Segment Start: Dataset extract
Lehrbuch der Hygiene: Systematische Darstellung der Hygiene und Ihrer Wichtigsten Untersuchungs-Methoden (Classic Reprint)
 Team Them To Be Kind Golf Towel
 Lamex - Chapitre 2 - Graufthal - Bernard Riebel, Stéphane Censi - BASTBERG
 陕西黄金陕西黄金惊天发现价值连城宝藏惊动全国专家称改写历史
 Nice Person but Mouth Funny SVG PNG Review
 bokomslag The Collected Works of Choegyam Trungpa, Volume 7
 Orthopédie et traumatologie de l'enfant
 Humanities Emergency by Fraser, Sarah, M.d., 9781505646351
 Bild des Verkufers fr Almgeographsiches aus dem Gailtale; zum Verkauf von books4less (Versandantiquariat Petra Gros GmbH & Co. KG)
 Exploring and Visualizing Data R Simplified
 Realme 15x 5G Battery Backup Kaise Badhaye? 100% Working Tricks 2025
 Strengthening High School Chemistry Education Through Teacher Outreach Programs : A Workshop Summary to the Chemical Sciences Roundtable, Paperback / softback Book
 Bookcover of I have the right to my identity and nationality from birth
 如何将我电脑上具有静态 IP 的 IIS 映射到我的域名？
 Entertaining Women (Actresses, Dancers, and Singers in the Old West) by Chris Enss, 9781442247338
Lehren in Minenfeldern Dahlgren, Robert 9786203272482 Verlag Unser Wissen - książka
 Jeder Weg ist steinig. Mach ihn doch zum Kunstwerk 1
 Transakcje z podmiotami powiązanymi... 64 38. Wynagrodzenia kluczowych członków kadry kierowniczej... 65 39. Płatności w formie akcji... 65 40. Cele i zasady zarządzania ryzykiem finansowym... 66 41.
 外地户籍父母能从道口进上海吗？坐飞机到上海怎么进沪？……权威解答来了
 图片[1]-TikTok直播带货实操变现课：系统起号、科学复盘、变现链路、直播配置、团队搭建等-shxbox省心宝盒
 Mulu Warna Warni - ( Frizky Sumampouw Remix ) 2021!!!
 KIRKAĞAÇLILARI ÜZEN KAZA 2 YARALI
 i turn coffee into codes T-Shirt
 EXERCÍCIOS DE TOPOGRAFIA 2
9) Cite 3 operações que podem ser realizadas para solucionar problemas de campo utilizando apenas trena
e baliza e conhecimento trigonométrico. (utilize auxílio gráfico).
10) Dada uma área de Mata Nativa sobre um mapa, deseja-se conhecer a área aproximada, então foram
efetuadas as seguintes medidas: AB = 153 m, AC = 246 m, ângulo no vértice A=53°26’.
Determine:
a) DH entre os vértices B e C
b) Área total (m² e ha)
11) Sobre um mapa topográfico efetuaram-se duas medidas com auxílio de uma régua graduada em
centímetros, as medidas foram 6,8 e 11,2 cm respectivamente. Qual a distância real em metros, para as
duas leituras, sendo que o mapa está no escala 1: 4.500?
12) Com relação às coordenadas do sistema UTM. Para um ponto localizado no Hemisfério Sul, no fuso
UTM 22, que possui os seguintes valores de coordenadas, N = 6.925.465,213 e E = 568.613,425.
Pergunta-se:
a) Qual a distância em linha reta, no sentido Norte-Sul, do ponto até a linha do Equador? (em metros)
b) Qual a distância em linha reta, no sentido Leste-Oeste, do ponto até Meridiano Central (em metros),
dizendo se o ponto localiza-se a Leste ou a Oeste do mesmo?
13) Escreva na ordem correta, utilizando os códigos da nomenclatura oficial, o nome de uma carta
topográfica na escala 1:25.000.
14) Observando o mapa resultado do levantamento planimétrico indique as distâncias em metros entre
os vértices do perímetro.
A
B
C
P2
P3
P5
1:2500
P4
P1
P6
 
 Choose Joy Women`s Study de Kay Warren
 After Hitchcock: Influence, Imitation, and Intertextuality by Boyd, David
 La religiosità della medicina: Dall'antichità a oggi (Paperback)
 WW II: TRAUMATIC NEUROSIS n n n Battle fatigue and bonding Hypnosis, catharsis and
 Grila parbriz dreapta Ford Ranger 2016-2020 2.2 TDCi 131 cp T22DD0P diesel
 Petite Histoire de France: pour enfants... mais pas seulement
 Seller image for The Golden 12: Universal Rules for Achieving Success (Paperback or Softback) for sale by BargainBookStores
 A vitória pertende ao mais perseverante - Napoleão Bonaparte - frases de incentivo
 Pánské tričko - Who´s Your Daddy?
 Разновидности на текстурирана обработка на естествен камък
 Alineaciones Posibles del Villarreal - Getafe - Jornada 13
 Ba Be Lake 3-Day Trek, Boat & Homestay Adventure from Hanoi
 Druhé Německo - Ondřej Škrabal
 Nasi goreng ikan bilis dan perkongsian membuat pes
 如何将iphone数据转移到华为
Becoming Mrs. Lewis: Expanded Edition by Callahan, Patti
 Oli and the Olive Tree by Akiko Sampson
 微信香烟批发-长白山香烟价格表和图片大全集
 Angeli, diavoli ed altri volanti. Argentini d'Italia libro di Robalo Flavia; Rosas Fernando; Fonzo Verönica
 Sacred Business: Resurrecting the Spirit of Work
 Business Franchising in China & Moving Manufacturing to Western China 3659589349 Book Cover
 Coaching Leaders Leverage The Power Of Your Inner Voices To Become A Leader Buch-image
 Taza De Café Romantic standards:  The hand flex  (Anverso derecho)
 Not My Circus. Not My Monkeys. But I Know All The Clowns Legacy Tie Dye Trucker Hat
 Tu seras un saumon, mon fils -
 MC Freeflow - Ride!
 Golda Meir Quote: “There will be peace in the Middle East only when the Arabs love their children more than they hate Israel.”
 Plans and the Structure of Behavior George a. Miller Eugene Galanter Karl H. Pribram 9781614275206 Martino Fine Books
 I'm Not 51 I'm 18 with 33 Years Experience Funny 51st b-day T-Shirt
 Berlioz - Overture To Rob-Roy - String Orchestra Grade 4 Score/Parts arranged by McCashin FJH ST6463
Segment End: Dataset extract
Each record above is to be reproduced word for word.

Response for this exercise »
Lehrbuch der Hygiene: Systematische Darstellung der Hygiene und Ihrer Wichtigsten Untersuchungs-Methoden (Classic Reprint)
 Team Them To Be Kind Golf Towel
 Lamex - Chapitre 2 - Graufthal - Bernard Riebel, Stéphane Censi - BASTBERG
 陕西黄金陕西黄金惊天发现价值连城宝藏惊动全国专家称改写历史
 Nice Person but Mouth Funny SVG PNG Review
 bokomslag The Collected Works of Choegyam Trungpa, Volume 7
 Orthopédie et traumatologie de l'enfant
 Humanities Emergency by Fraser, Sarah, M.d., 9781505646351
 Bild des Verkufers fr Almgeographsiches aus dem Gailtale; zum Verkauf von books4less (Versandantiquariat Petra Gros GmbH & Co. KG)
 Exploring and Visualizing Data R Simplified
 Realme 15x 5G Battery Backup Kaise Badhaye? 100% Working Tricks 2025
 Strengthening High School Chemistry Education Through Teacher Outreach Programs : A Workshop Summary to the Chemical Sciences Roundtable, Paperback / softback Book
 Bookcover of I have the right to my identity and nationality from birth
 如何将我电脑上具有静态 IP 的 IIS 映射到我的域名？
 Entertaining Women (Actresses, Dancers, and Singers in the Old West) by Chris Enss, 9781442247338
Lehren in Minenfeldern Dahlgren, Robert 9786203272482 Verlag Unser Wissen - książka
 Jeder Weg ist steinig. Mach ihn doch zum Kunstwerk 1
 Transakcje z podmiotami powiązanymi... 64 38. Wynagrodzenia kluczowych członków kadry kierowniczej... 65 39. Płatności w formie akcji... 65 40. Cele i zasady zarządzania ryzykiem finansowym... 66 41.
 外地户籍父母能从道口进上海吗？坐飞机到上海怎么进沪？……权威解答来了
 图片[1]-TikTok直播带货实操变现课：系统起号、科学复盘、变现链路、直播配置、团队搭建等-shxbox省心宝盒
 Mulu Warna Warni - ( Frizky Sumampouw Remix ) 2021!!!
 KIRKAĞAÇLILARI ÜZEN KAZA 2 YARALI
 i turn coffee into codes T-Shirt
 EXERCÍCIOS DE TOPOGRAFIA 2
9) Cite 3 operações que podem ser realizadas para solucionar problemas de campo utilizando apenas trena
e baliza e conhecimento trigonométrico. (utilize auxílio gráfico).
10) Dada uma área de Mata Nativa sobre um mapa, deseja-se conhecer a área aproximada, então foram
efetuadas as seguintes medidas: AB = 153 m, AC = 246 m, ângulo no vértice A=53°26’.
Determine:
a) DH entre os vértices B e C
b) Área total (m² e ha)
11) Sobre um mapa topográfico efetuaram-se duas medidas com auxílio de uma régua graduada em
centímetros, as medidas foram 6,8 e 11,2 cm respectivamente. Qual a distância real em metros, para as
duas leituras, sendo que o mapa está no escala 1: 4.500?
12) Com relação às coordenadas do sistema UTM. Para um ponto localizado no Hemisfério Sul, no fuso
UTM 22, que possui os seguintes valores de coordenadas, N = 6.925.465,213 e E = 568.613,425.
Pergunta-se:
a) Qual a distância em linha reta, no sentido Norte-Sul, do ponto até a linha do Equador? (em metros)
b) Qual a distância em linha reta, no sentido Leste-Oeste, do ponto até Meridiano Central (em metros),
dizendo se o ponto localiza-se a Leste ou a Oeste do mesmo?
13) Escreva na ordem correta, utilizando os códigos da nomenclatura oficial, o nome de uma carta
topográfica na escala 1:25.000.
14) Observando o mapa resultado do levantamento planimétrico indique as distâncias em metros entre
os vértices do perímetro.
A
B
C
P2
P3
P5
1:2500
P4
P1
P6
 
 Choose Joy Women`s Study de Kay Warren
 After Hitchcock: Influence, Imitation, and Intertextuality by Boyd, David
 La religiosità della medicina: Dall'antichità a oggi (Paperback)
 WW II: TRAUMATIC NEUROSIS n n n Battle fatigue and bonding Hypnosis, catharsis and
 Grila parbriz dreapta Ford Ranger 2016-2020 2.2 TDCi 131 cp T22DD0P diesel
 Petite Histoire de France: pour enfants... mais pas seulement
 Seller image for The Golden 12: Universal Rules for Achieving Success (Paperback or Softback) for sale by BargainBookStores
 A vitória pertende ao mais perseverante - Napoleão Bonaparte - frases de incentivo
 Pánské tričko - Who´s Your Daddy?
 Разновидности на текстурирана обработка на естествен камък
 Alineaciones Posibles del Villarreal - Getafe - Jornada 13
 Ba Be Lake 3-Day Trek, Boat & Homestay Adventure from Hanoi
 Druhé Německo - Ondřej Škrabal
 Nasi goreng ikan bilis dan perkongsian membuat pes
 如何将iphone数据转移到华为
Becoming Mrs. Lewis: Expanded Edition by Callahan, Patti
 Oli and the Olive Tree by Akiko Sampson
 微信香烟批发-长白山香烟价格表和图片大全集
 Angeli, diavoli ed altri volanti. Argentini d'Italia libro di Robalo Flavia; Rosas Fernando; Fonzo Verönica
 Sacred Business: Resurrecting the Spirit of Work
 Business Franchising in China & Moving Manufacturing to Western China 3659589349 Book Cover
 Coaching Leaders Leverage The Power Of Your Inner Voices To Become A Leader Buch-image
 Taza De Café Romantic standards:  The hand flex  (Anverso derecho)
 Not My Circus. Not My Monkeys. But I Know All The Clowns Legacy Tie Dye Trucker Hat
 Tu seras un saumon, mon fils -
 MC Freeflow - Ride!
 Golda Meir Quote: “There will be peace in the Middle East only when the Arabs love their children more than they hate Israel.”
 Plans and the Structure of Behavior George a. Miller Eugene Galanter Karl H. Pribram 9781614275206 Martino Fine Books
 I'm Not 51 I'm 18 with 33 Years Experience Funny 51st b-day T-Shirt
 Berlioz - Overture To Rob-Roy - String Orchestra Grade 4 Score/Parts arranged by McCashin FJH ST6463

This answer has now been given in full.